As I heard this I took the words at two levels. The first was—good advice, who wants to go through the pain of that loss? I thought…
In about 10 seconds, I hear a second voice in my head, one I did not voice to my colleague. “And who do we think we are that we have a right to inflict the loss and grief process on our spouse/partner.”
I could not get this conversation out of my head for several days, coming back to it with strong reaction.
The more I thought about it, the more it felt to me that an act of love for your life partner would be to let them go first. Gladly we have little if any control over these things, although there are advocates for assisted suicide and I have had thoughts at times that for the suffering this may indeed be an option we should offer. But that feels different than what we are talking about.
The advice from this man still in grief was to go first, as if your partner should be the one to bear that burden.
My truth is, in this, my 70th year, that if it happens that my wife Patricia is the first to go to the other side, then I best be ready for that. And if I could have my preferences, and if it would spare her a lot of pain, I will take the bullet and do the suffering as it comes my way in the letting go of her.

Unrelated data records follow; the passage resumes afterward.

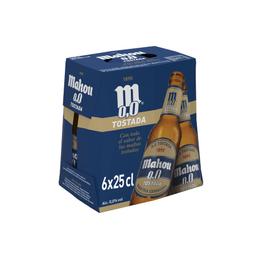 Cerveza MAHOU 0,0 tostada botellín 6x25 cl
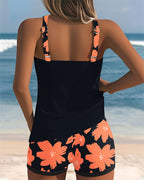 Ensemble Tankini Floral à Encolure U Sans Manches avec Short Boxer pour Femmes – Paradiso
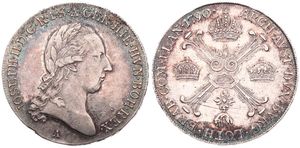 Austrian Netherlands, Joseph II, 1/2 Kronenthaler Silver 1790A, Laureate head right / Floriated cross with 3 crowns & Golden Fleece, KM 34 Vienna, VF+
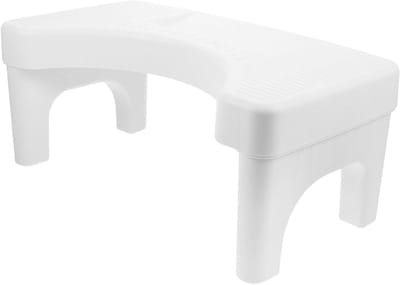 Kunststof Opstapje - Toiletkrukje Voetsteun - Comfortabel Zitten - Antislip Bodem - 39x22x16cm - Wit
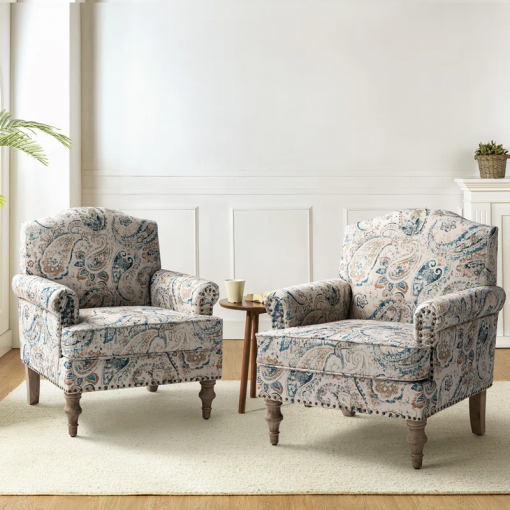 mooresville 30" w armchair with solid wood legs and camelback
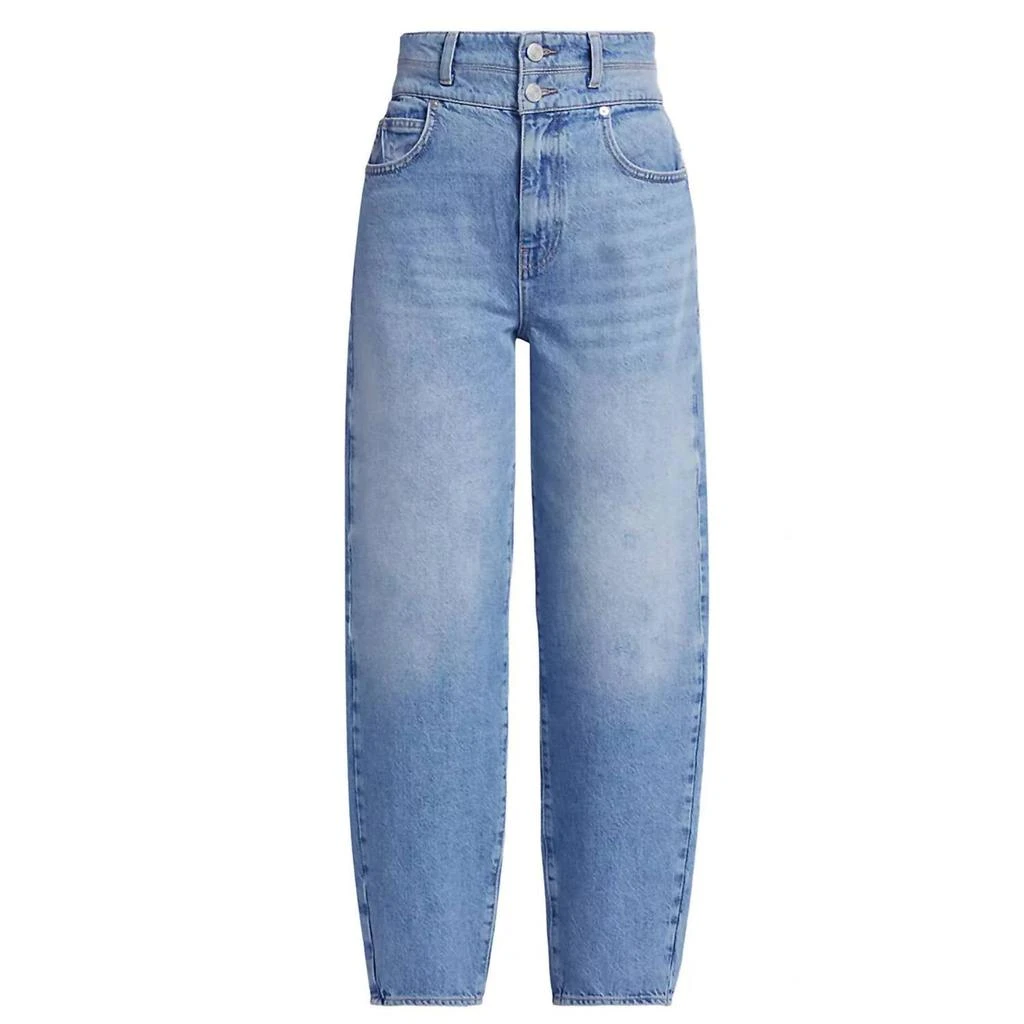 FRAME Double High Waist Band Barrel Jeans In Weston 4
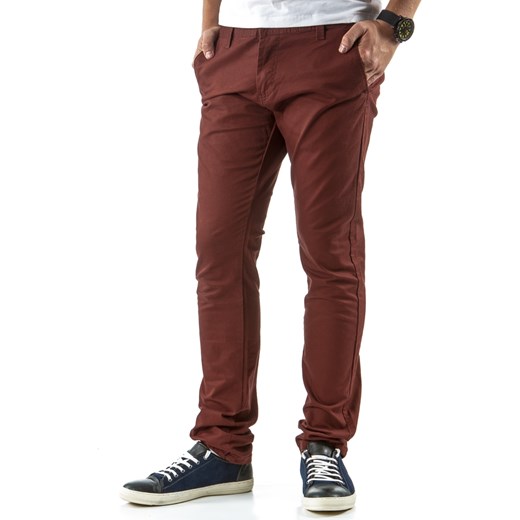 Spodnie męskie chinos bordowe (ux0382) dstreet czerwony elastan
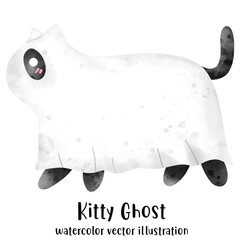 Cute Ghost, Ghost, Halloween, Black cat, Halloween cat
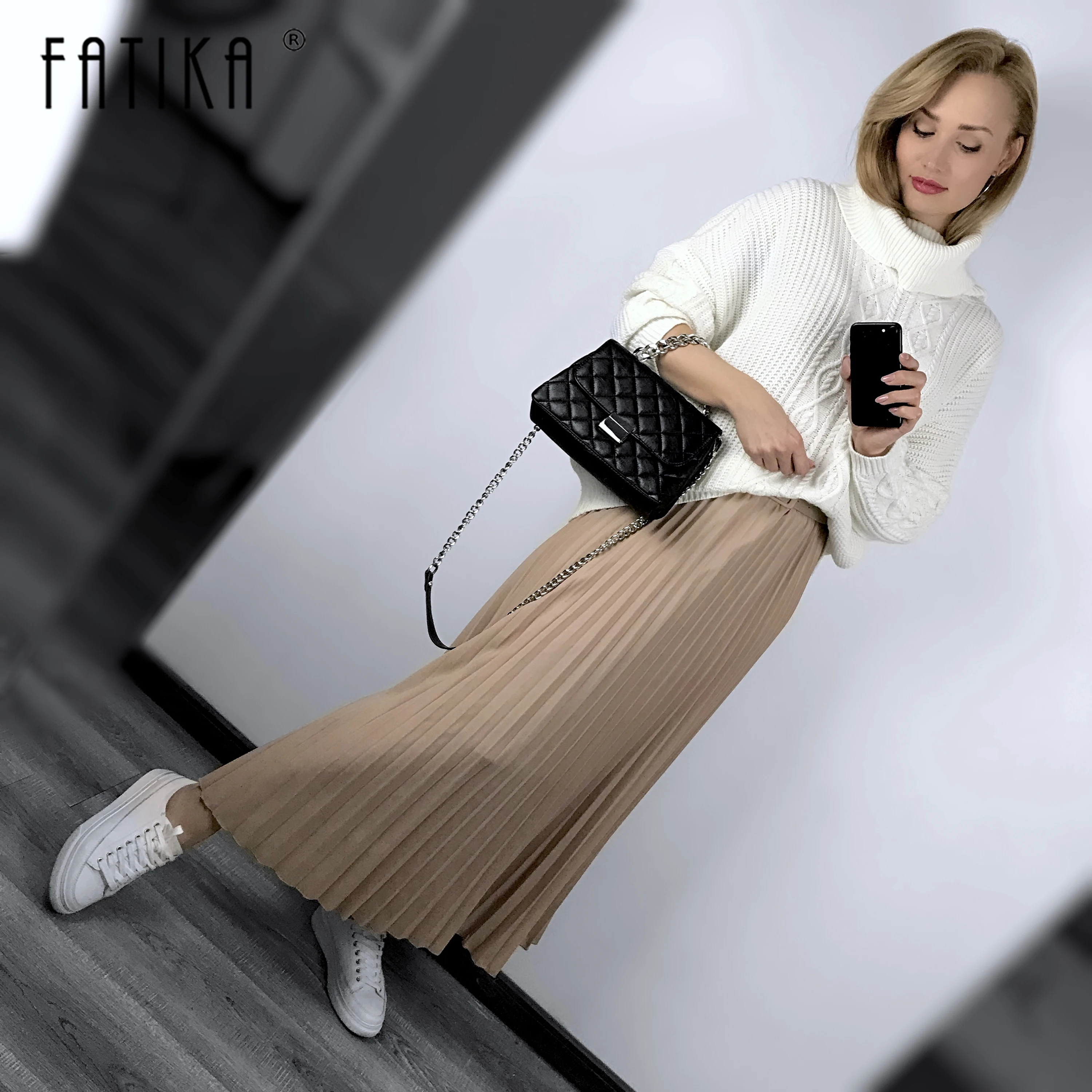 Женская плиссированная юбка FATIKA шифоновая средней длины с высокой талией весна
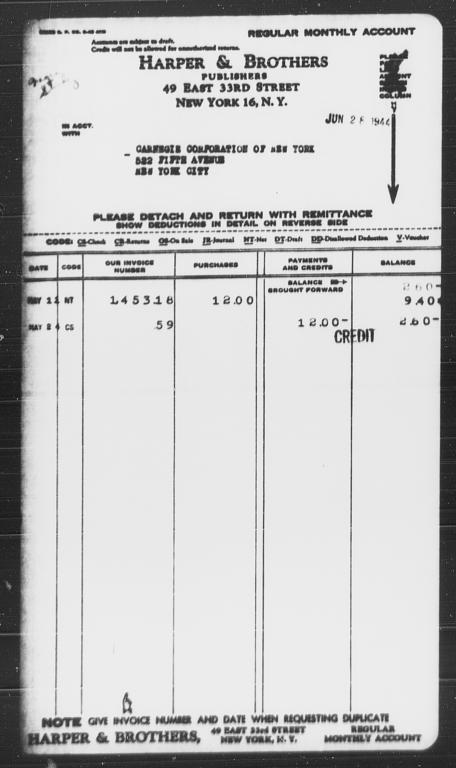 Invoice from Harper & Brothers to Carnegie Corporation of New York, June 28, 1944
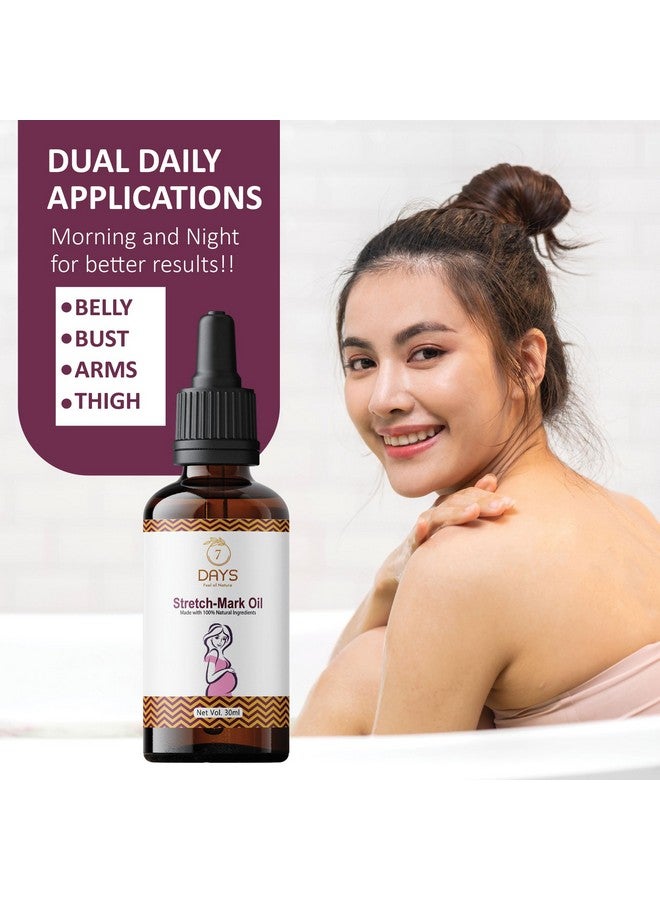 7 Days 7DAYSNATURAL Stretch Mark Oil for Pregnancy | Boosts Elasticity & Fades Stretch Marks | Coconut Oil Blended with 9 Botanical Oils(30 Ml) - Image 4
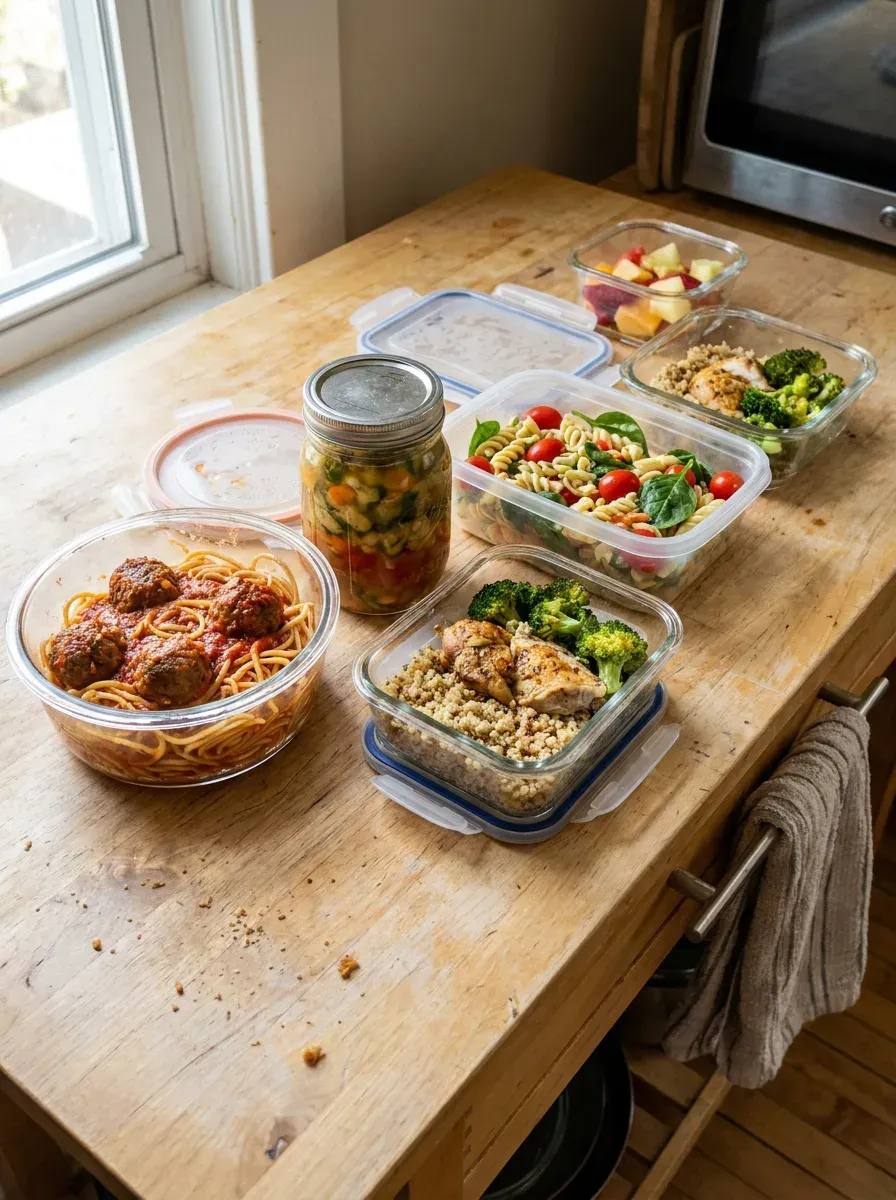 Several meal prep containers with different christmas lunches arranged on a kitchen counter.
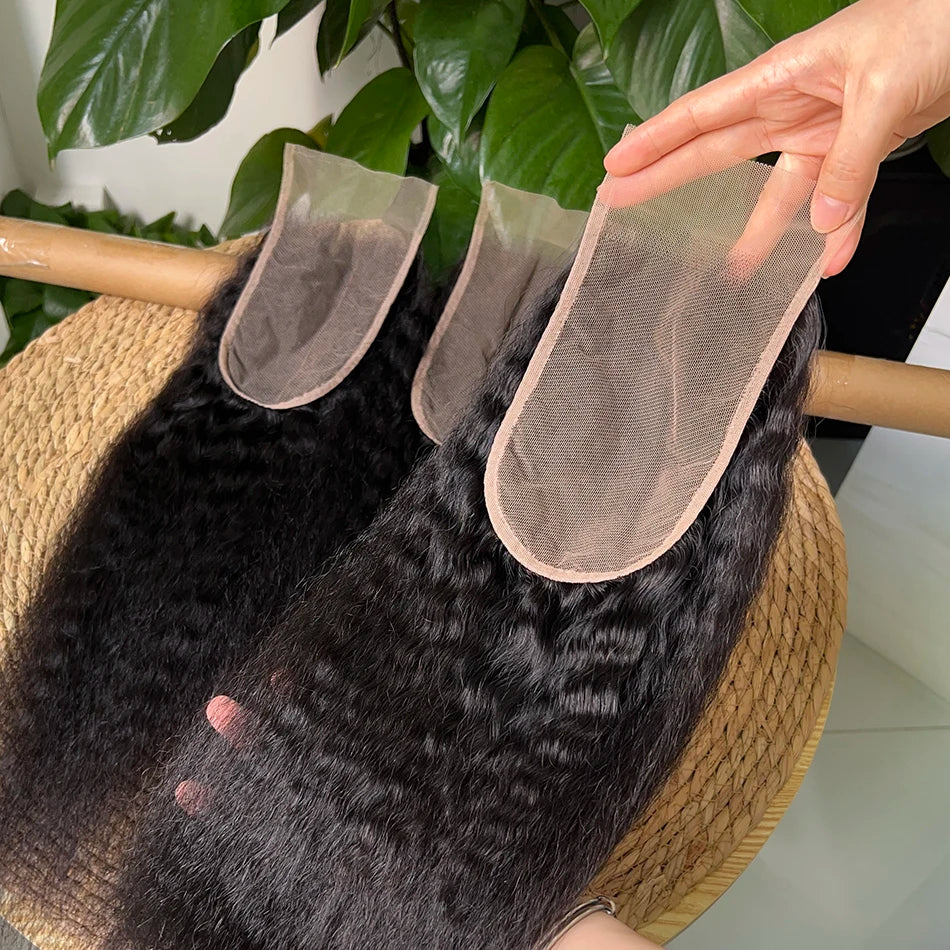 4x6 Transparent Lace Closure Kinky Straight Human Hair #1B Natural Color Deep Parting Melt Skin Invisible Lace Raw Virgin Hair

And I may be making brave talk here. This is how it seems to me now—ask me, if it happens, how it went when it is over; or ask me in ten years if we are both still around, how I am feeling about my bold assertions. I may change my mind over time—talk can be cheap when compared to the experience.
Still, as it is now, I figured I ought to tell Patricia what I had been thinking. On one of our regular night time walks under the stars, after some weeks of hesitating and waiting to see if I meant it, I found a good enough time to bring up this heavy topic. Tears welled up in my eyes as I shared my thinking and I thought of losing her. Patricia got what I was saying and took it to heart. She takes all things to heart. She knew this was the “death do us part” section of our vows re-affirmed in the reality of being 70, versus 32 years ago in the imagining space when we were in early mid-life and the words came easily.
So what is your take on this advice and where do you stand do you think? Or would you rather not think about it because it is out of your hands? That may be the wiser way to go for all I know.
My 77-year-old friend Fred Andrle created a haunting haiku on this. The former NPR radio personality at WOSU, Columbus Ohio, now retired and a haiku composer, put it this way, so beautifully.
Ah-h; so few images, so poignant. One of the two goes first. And then the winter comes.